Du coup, ils nous ont rappelé qu'Ottawa avait décidé d'abandonner cinq milliards par année de marge de manoeuvre en échange de résultats économiques douteux. Ces milliards auraient pu avoir un effet plus positif sur l'économie s'ils avaient servi à venir en aide aux secteurs en difficulté. Exactement ce que demandaient les provinces, le Québec en particulier, à la veille du minibudget de cet automne, ce qu'elles n'ont pas obtenu.
Auront-elles plus de succès vendredi? La rumeur veut que le gouvernement Harper annonce d'ici là des mesures d'appui aux secteurs forestier et automobile. Il faudra en connaître la teneur avant de prédire la réaction des provinces.

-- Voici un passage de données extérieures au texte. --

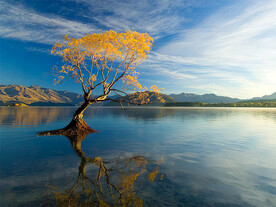 装饰画 晶瓷画 湖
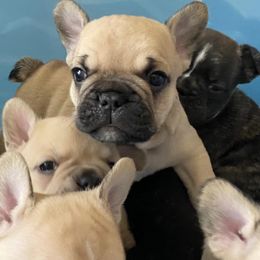 French Bulldogs from Doodles & Bubs Frenchies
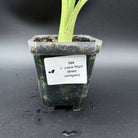 Alocasia Regal Shield Variegated plant in a pot showcasing its vibrant green and white variegated leaves.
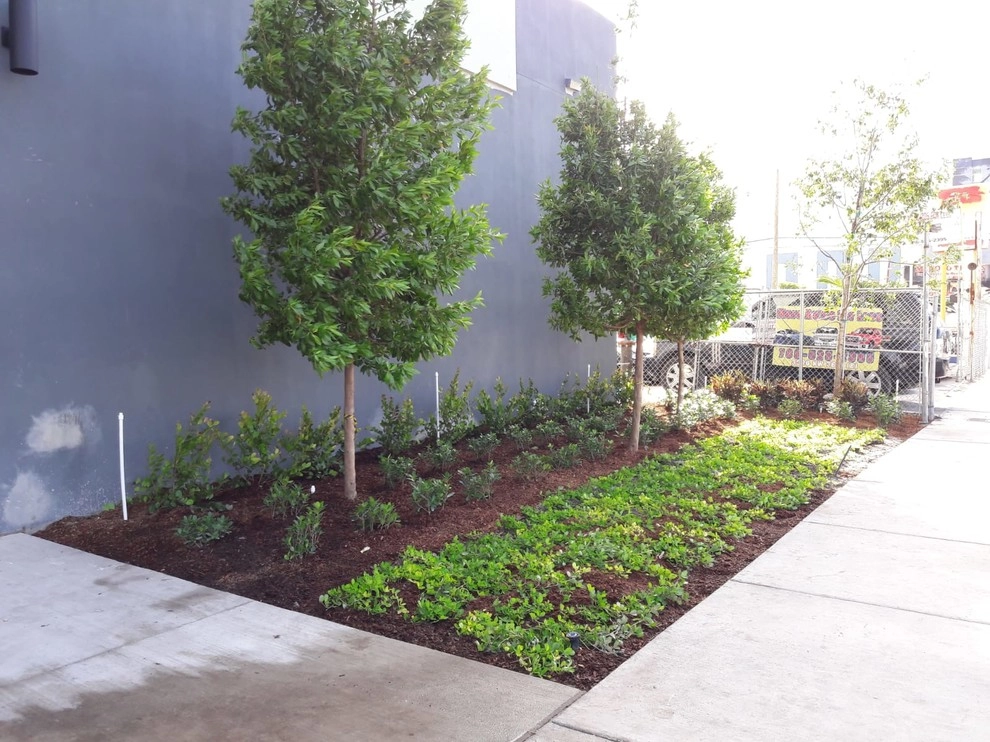 Near MIA by Sunset Gardens Inc. - Photo 16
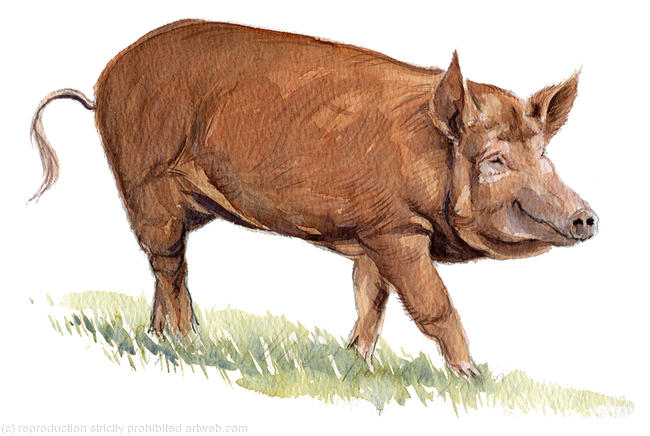 Tamworth Pig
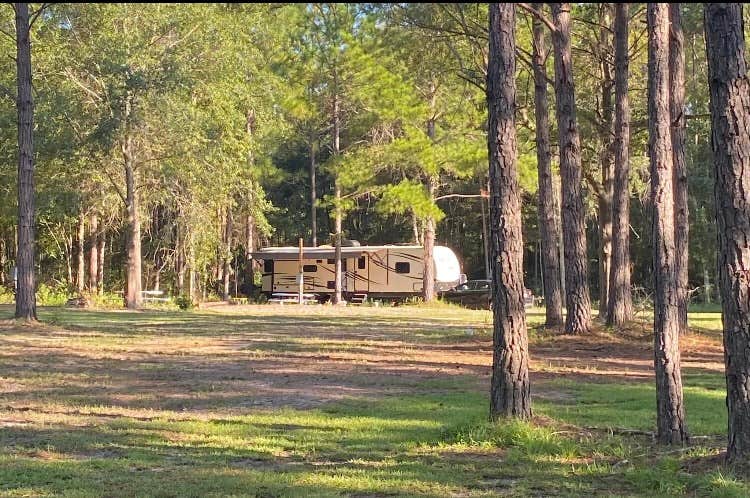 Camper-submitted photo at Shady Pines RV Park near Hazlehurst, GA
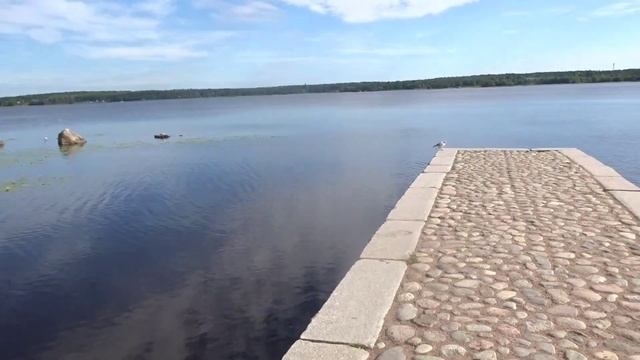 озёрные чайки Выборга. смотреть онлайн
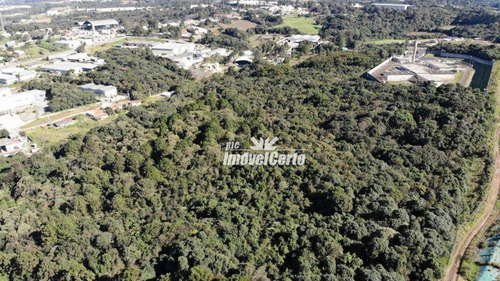 Imagem 16 de 21 de Área À Venda, 6500 M² Por R$ 3.575.000,00 - Cidade Industrial - Curitiba/pr - Ar0003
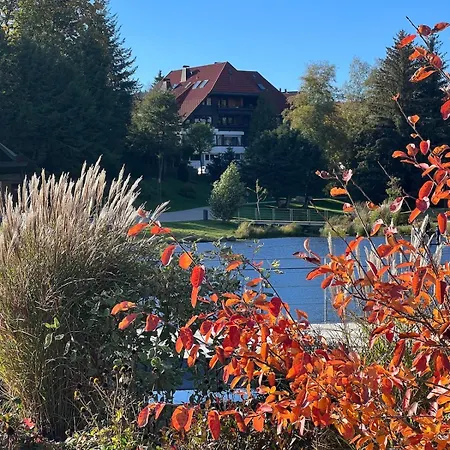 Διαμέρισμα Kennys Bergblick Pool Sauna Tennis Schonach im Schwarzwald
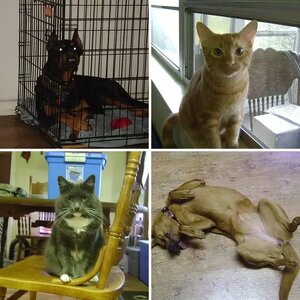 Kingsley and His loves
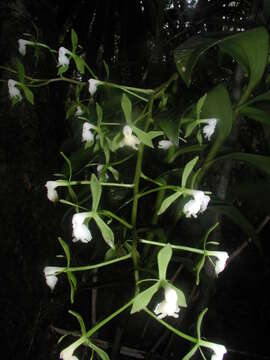 Image of Epidendrum paniculatum Ruiz & Pav.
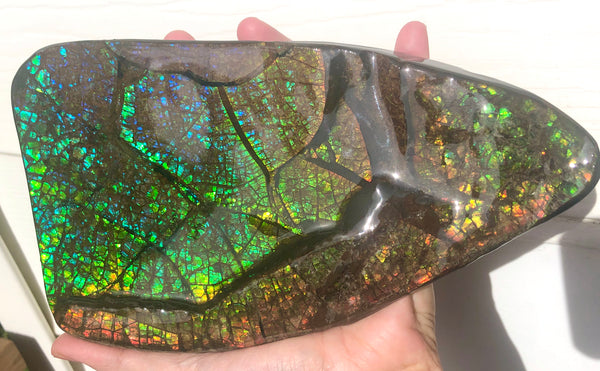 Ammolite Huge Display Stone Hand Specimen 210x110x20mm Dragon Skin Pattern  Collector GemstoneCS-203  ***FREE SHIPPING****アンモライト　コレクターストーン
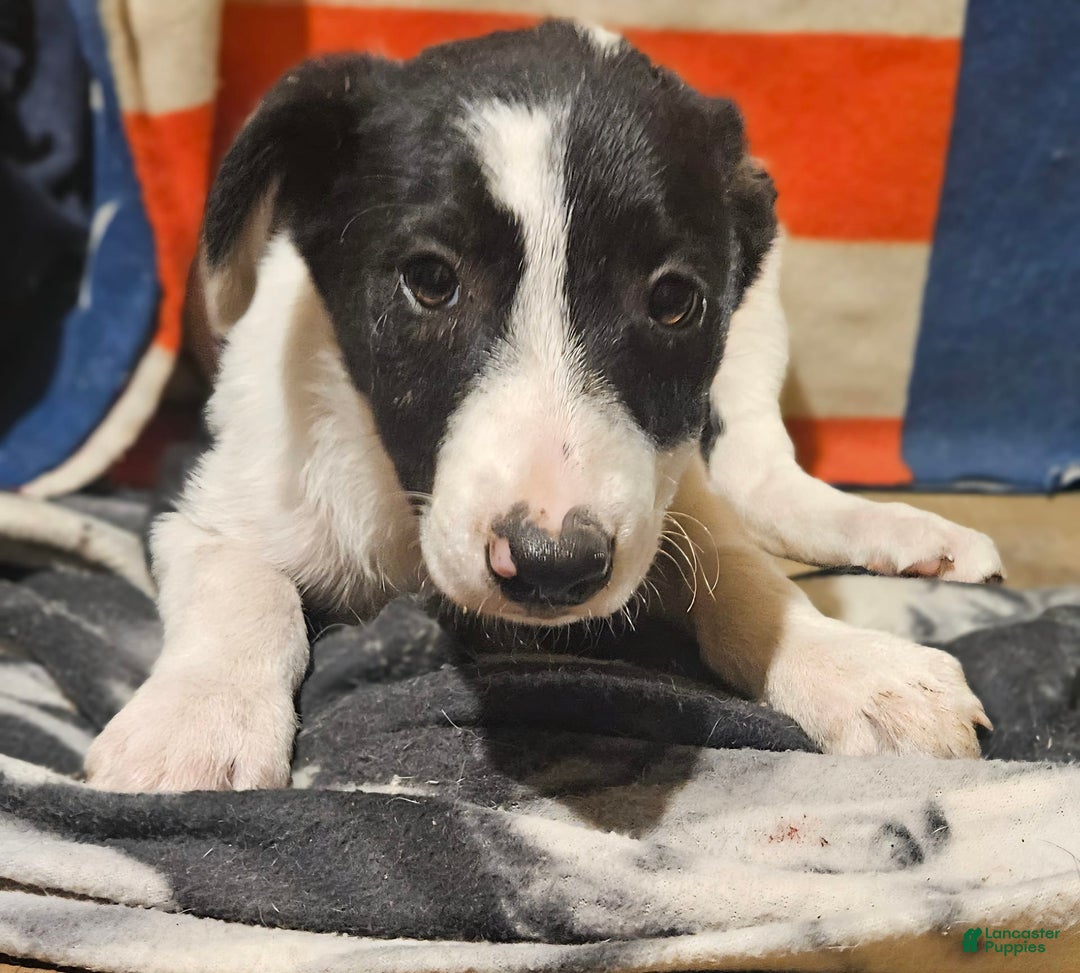 Border Collie dogs for sale: Fasti - Image 28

Chose certaine, Stephen Harper ne s'est pas donné beaucoup de temps pour en arriver à des solutions collectives... s'il en souhaite. On comprend qu'il n'ait pas voulu tenir une de ces conférences qui suscitent toujours trop d'attentes, mais ce dîner a des allures de figure imposée. Une journée de travail bien préparée, tenue en privé, n'aurait pas été de trop après un hiatus de deux ans et la multiplication des points de tension entre son gouvernement et plusieurs provinces. Surtout qu'il y a peu de chances qu'il puisse répéter l'exercice avant les prochaines élections.